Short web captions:
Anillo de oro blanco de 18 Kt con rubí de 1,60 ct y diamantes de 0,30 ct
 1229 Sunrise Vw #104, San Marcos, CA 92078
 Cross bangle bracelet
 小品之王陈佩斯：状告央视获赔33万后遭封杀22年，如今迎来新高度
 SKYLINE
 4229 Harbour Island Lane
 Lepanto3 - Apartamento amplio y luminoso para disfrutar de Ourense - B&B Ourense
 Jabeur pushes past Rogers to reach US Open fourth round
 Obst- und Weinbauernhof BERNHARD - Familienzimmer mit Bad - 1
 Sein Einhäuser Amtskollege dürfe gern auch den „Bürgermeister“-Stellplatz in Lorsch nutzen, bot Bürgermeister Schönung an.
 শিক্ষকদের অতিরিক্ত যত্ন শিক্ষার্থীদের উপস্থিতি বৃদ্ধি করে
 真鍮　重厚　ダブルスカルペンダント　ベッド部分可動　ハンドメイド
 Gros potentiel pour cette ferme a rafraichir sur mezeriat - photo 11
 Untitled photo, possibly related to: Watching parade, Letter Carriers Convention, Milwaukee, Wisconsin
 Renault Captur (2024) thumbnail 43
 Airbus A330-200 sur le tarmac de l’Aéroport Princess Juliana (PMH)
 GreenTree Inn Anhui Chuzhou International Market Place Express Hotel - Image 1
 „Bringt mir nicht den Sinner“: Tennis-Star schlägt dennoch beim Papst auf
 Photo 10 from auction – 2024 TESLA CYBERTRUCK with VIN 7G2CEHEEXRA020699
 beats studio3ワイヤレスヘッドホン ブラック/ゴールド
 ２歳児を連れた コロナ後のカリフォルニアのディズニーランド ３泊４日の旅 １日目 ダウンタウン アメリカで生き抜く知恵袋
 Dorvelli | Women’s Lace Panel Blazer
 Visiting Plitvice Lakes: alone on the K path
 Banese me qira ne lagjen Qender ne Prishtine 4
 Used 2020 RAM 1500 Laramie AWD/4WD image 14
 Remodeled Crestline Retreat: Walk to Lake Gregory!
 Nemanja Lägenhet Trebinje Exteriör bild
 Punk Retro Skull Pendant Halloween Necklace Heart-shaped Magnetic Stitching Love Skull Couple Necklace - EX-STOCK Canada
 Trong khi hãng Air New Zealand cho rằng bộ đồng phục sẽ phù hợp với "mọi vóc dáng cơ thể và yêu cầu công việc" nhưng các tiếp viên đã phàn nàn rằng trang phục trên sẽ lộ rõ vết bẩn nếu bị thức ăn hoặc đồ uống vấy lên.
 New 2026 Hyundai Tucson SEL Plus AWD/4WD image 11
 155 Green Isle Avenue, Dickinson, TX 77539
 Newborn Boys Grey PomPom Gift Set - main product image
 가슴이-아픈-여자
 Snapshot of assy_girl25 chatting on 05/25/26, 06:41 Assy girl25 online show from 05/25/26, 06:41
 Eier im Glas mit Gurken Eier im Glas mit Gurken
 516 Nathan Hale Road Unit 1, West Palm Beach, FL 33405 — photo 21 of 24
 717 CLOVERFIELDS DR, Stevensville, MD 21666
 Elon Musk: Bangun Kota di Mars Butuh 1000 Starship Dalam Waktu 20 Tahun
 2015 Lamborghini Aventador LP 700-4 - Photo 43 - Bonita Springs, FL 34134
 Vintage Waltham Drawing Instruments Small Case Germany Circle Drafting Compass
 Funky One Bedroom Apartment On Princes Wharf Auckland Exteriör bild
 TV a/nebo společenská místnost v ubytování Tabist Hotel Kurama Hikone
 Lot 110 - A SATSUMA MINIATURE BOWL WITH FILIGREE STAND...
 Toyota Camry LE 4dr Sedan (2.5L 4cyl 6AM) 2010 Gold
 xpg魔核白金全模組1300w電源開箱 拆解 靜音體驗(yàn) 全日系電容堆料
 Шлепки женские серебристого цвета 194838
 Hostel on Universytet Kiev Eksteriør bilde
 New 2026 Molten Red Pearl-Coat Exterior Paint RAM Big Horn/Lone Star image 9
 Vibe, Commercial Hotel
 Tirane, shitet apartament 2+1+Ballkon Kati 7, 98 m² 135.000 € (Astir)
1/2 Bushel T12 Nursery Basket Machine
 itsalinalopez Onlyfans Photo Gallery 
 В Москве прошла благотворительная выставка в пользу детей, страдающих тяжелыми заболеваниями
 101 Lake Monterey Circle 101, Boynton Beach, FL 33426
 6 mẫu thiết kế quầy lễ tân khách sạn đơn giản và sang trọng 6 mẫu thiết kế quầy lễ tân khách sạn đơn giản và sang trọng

◆ **BRIEF**
Each of the records above is to be copied exactly.

◆ **EXERCISE SOLUTION**
Anillo de oro blanco de 18 Kt con rubí de 1,60 ct y diamantes de 0,30 ct
 1229 Sunrise Vw #104, San Marcos, CA 92078
 Cross bangle bracelet
 小品之王陈佩斯：状告央视获赔33万后遭封杀22年，如今迎来新高度
 SKYLINE
 4229 Harbour Island Lane
 Lepanto3 - Apartamento amplio y luminoso para disfrutar de Ourense - B&B Ourense
 Jabeur pushes past Rogers to reach US Open fourth round
 Obst- und Weinbauernhof BERNHARD - Familienzimmer mit Bad - 1
 Sein Einhäuser Amtskollege dürfe gern auch den „Bürgermeister“-Stellplatz in Lorsch nutzen, bot Bürgermeister Schönung an.
 শিক্ষকদের অতিরিক্ত যত্ন শিক্ষার্থীদের উপস্থিতি বৃদ্ধি করে
 真鍮　重厚　ダブルスカルペンダント　ベッド部分可動　ハンドメイド
 Gros potentiel pour cette ferme a rafraichir sur mezeriat - photo 11
 Untitled photo, possibly related to: Watching parade, Letter Carriers Convention, Milwaukee, Wisconsin
 Renault Captur (2024) thumbnail 43
 Airbus A330-200 sur le tarmac de l’Aéroport Princess Juliana (PMH)
 GreenTree Inn Anhui Chuzhou International Market Place Express Hotel - Image 1
 „Bringt mir nicht den Sinner“: Tennis-Star schlägt dennoch beim Papst auf
 Photo 10 from auction – 2024 TESLA CYBERTRUCK with VIN 7G2CEHEEXRA020699
 beats studio3ワイヤレスヘッドホン ブラック/ゴールド
 ２歳児を連れた コロナ後のカリフォルニアのディズニーランド ３泊４日の旅 １日目 ダウンタウン アメリカで生き抜く知恵袋
 Dorvelli | Women’s Lace Panel Blazer
 Visiting Plitvice Lakes: alone on the K path
 Banese me qira ne lagjen Qender ne Prishtine 4
 Used 2020 RAM 1500 Laramie AWD/4WD image 14
 Remodeled Crestline Retreat: Walk to Lake Gregory!
 Nemanja Lägenhet Trebinje Exteriör bild
 Punk Retro Skull Pendant Halloween Necklace Heart-shaped Magnetic Stitching Love Skull Couple Necklace - EX-STOCK Canada
 Trong khi hãng Air New Zealand cho rằng bộ đồng phục sẽ phù hợp với "mọi vóc dáng cơ thể và yêu cầu công việc" nhưng các tiếp viên đã phàn nàn rằng trang phục trên sẽ lộ rõ vết bẩn nếu bị thức ăn hoặc đồ uống vấy lên.
 New 2026 Hyundai Tucson SEL Plus AWD/4WD image 11
 155 Green Isle Avenue, Dickinson, TX 77539
 Newborn Boys Grey PomPom Gift Set - main product image
 가슴이-아픈-여자
 Snapshot of assy_girl25 chatting on 05/25/26, 06:41 Assy girl25 online show from 05/25/26, 06:41
 Eier im Glas mit Gurken Eier im Glas mit Gurken
 516 Nathan Hale Road Unit 1, West Palm Beach, FL 33405 — photo 21 of 24
 717 CLOVERFIELDS DR, Stevensville, MD 21666
 Elon Musk: Bangun Kota di Mars Butuh 1000 Starship Dalam Waktu 20 Tahun
 2015 Lamborghini Aventador LP 700-4 - Photo 43 - Bonita Springs, FL 34134
 Vintage Waltham Drawing Instruments Small Case Germany Circle Drafting Compass
 Funky One Bedroom Apartment On Princes Wharf Auckland Exteriör bild
 TV a/nebo společenská místnost v ubytování Tabist Hotel Kurama Hikone
 Lot 110 - A SATSUMA MINIATURE BOWL WITH FILIGREE STAND...
 Toyota Camry LE 4dr Sedan (2.5L 4cyl 6AM) 2010 Gold
 xpg魔核白金全模組1300w電源開箱 拆解 靜音體驗(yàn) 全日系電容堆料
 Шлепки женские серебристого цвета 194838
 Hostel on Universytet Kiev Eksteriør bilde
 New 2026 Molten Red Pearl-Coat Exterior Paint RAM Big Horn/Lone Star image 9
 Vibe, Commercial Hotel
 Tirane, shitet apartament 2+1+Ballkon Kati 7, 98 m² 135.000 € (Astir)
1/2 Bushel T12 Nursery Basket Machine
 itsalinalopez Onlyfans Photo Gallery 
 В Москве прошла благотворительная выставка в пользу детей, страдающих тяжелыми заболеваниями
 101 Lake Monterey Circle 101, Boynton Beach, FL 33426
 6 mẫu thiết kế quầy lễ tân khách sạn đơn giản và sang trọng 6 mẫu thiết kế quầy lễ tân khách sạn đơn giản và sang trọng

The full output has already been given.